Entertainment

It’s a crazy kind of love

Animal behaviorists, doting owners and even Hollywood stars have all immortalized their beloved cats in memoir — or “meowmoir” as one critic has called the genre — but with his addition to the genre, Peter Trachtenberg, whose previous works include the acclaimed “The Book of Calamities,” brings a distinctive literary bent to the subject as he explores just what it means to love these stealth creatures.

His new book, “Another Insane Devotion,” is being hailed as one of the “best books written about what it means to love cats.” It traces a familiar lost-and-found storyline after Trachtenberg’s tabby goes missing while he’s away teaching, but he gets into deeper philosophical territory as he confronts the notion of losing his kitty at the same time his marriage to fellow writer Mary Gaitskill is falling apart.

We caught up with the 59-year-old writer, who has since reunited with Biscuit, and talked to him about the crazy kind of love we have for our feline pets.

You said that the book is really a meditation on love. Do you think it’s easier to love a pet than a human?

Yes. Our pets’ needs are simpler; they can’t talk, so we never know how shallow or selfish or mean-spirited they really are. Also, they forgive us in a way that most people don’t. Some pets run away, it’s true, but they don’t sue us for divorce and demand half the property. Still, I don’t think our love for our pets is ever as deep or rich or complex as our love for our partners, lovers or friends; maybe because animals are easier. When all you lift is an 8-pound barbell — Biscuit weighs less than 8 pounds — you don’t get the kind of pecs you get lifting one that weighs 125.

Do you think Biscuit loves you as strongly as you love her?

If I’m being honest, I have no idea how deeply Biscuit loves me, or if she loves me at all. What she feels for me may not correspond to what I’ve felt for other humans. It certainly looks like love to me. I can’t say she’d go 700 miles to look for me if I went missing, but a friend who knows animals theorized that that may be exactly why she wandered off. I’d gone away, she had no idea where, and no understanding that it was only temporary, so she went looking for me.

How do you think loving a cat and loving a dog differs?

Dogs race to greet you at the door; they jump up and plant their paws on your chest, they muzzle your crotch, they bring you things they want you to throw to them or to try to pull from their mouths… They look at you with eyes brimming with meaning, and the wonderful thing about that meaning is you don’t have to interpret it; it’s obvious.

Cats are more veiled. Cats signal you in their own terms.

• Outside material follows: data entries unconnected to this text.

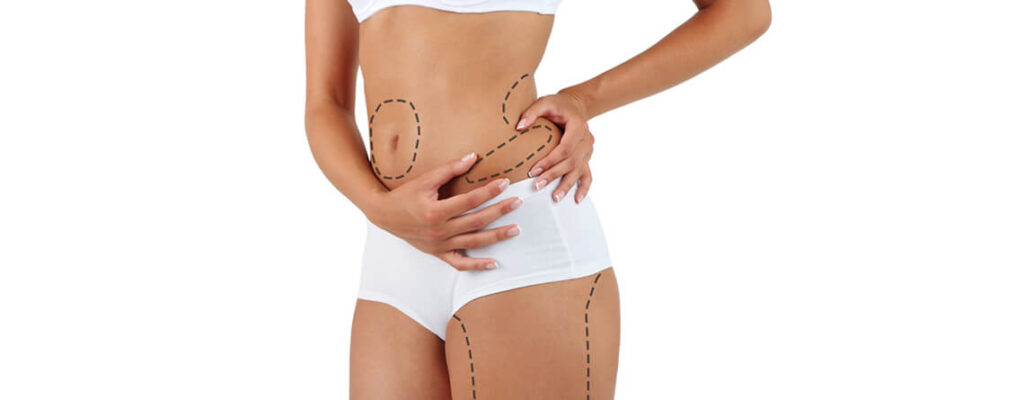 VASER Liposuction in Islamabad: What to Expect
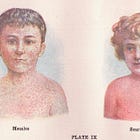 CDC Deputy Director Unclear On How It's *His* Job To Prevent Contagious Diseases Like Measles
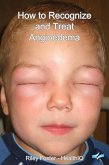 HowtoRecognizeandTreatAngioedema (eBook, ePUB) HowtoRecognizeandTreatAngioedema (eBook, ePUB)
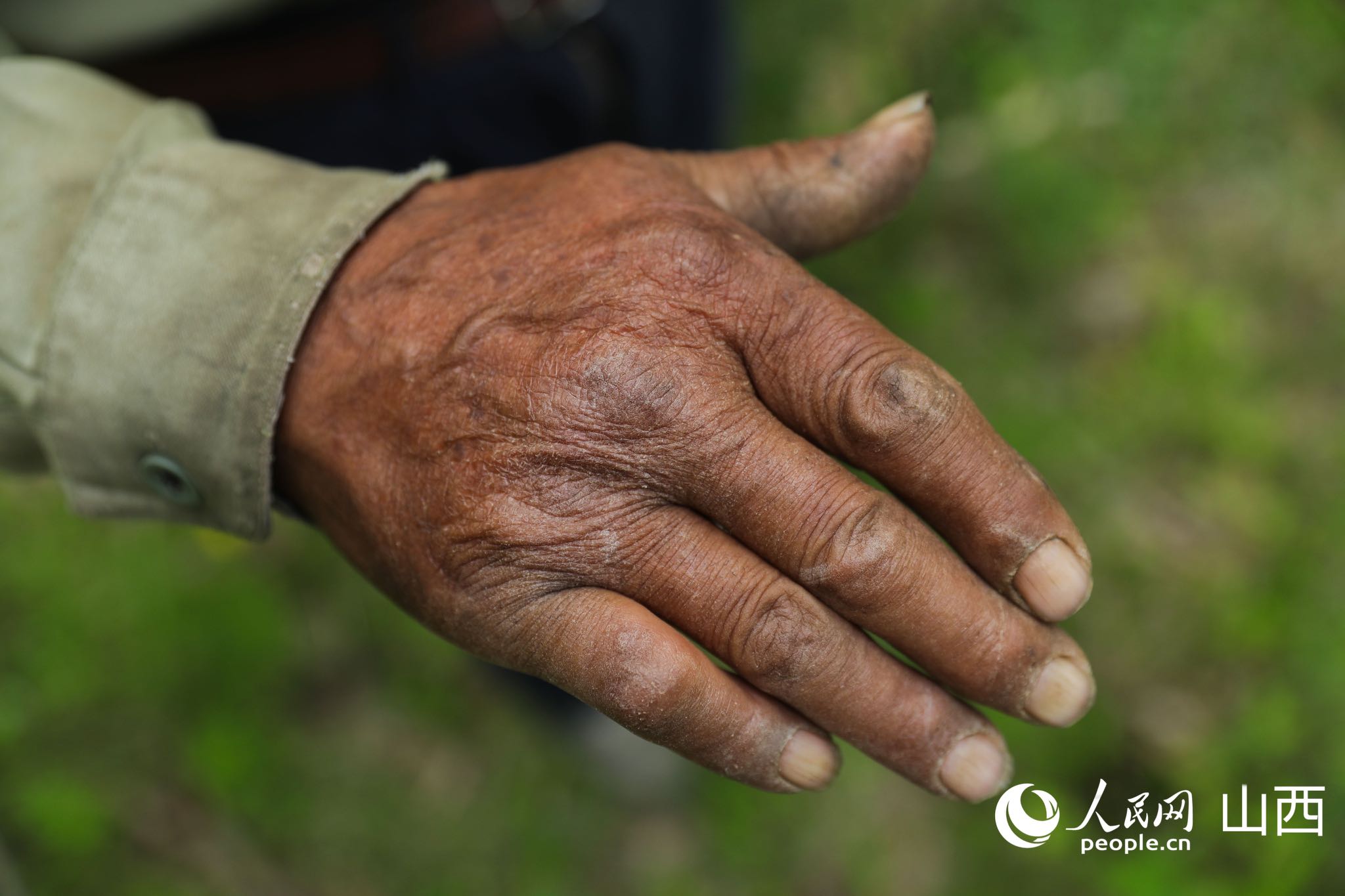 王占峰的手。人民網記者 王帆攝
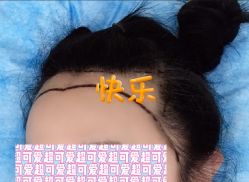 -大麦微针植发全国连锁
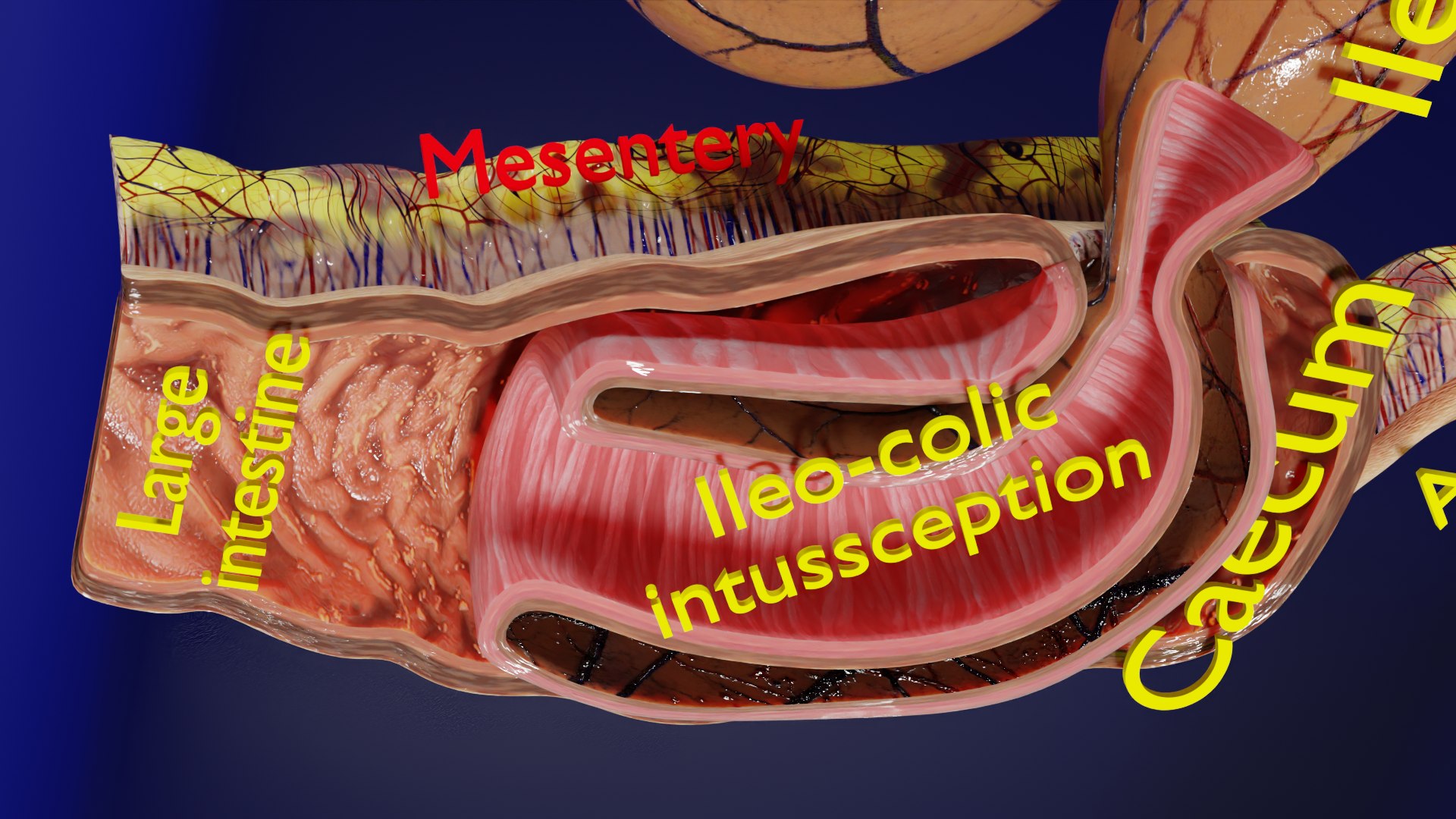 Intussusception Intestine Ileocolic Obstruction 3D - TurboSquid 2414944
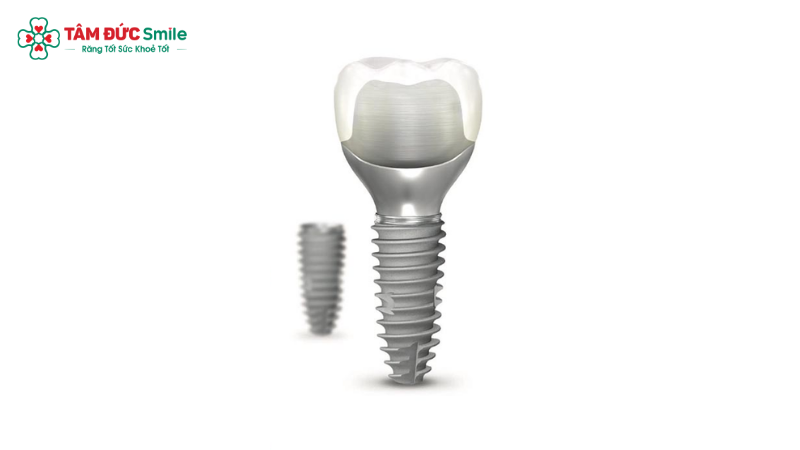tru-implant-neo-biotech-4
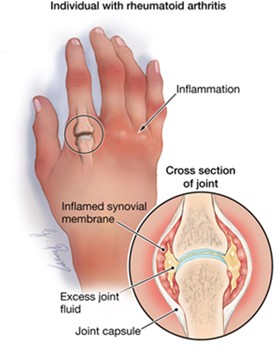 rheumatoid arthritis news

If you lock eyes with a cat for too long, it’s a sign of aggression. You learn to read those signs — you learn their vocabulary. But my book is also about incomprehension. With Biscuit, was I just projecting? With my wife was I projecting? How well do you really know someone else?

You talk about how pets help us learn to grieve. How is that?

For most children, or maybe I should say for lucky children, a pet represents the first real loss, the first time something they love dies. So they very literally teach us how to grieve. That wasn’t true for me — I didn’t get my first cat until I was in my 30s — but the loss I felt when my first cat died was very childlike. I cried more than I did when my parents died, without self-consciousness. Maybe everyone who loses a beloved pet becomes a child again for a while. That isn’t the case when one loses a parent. One becomes more of a grownup.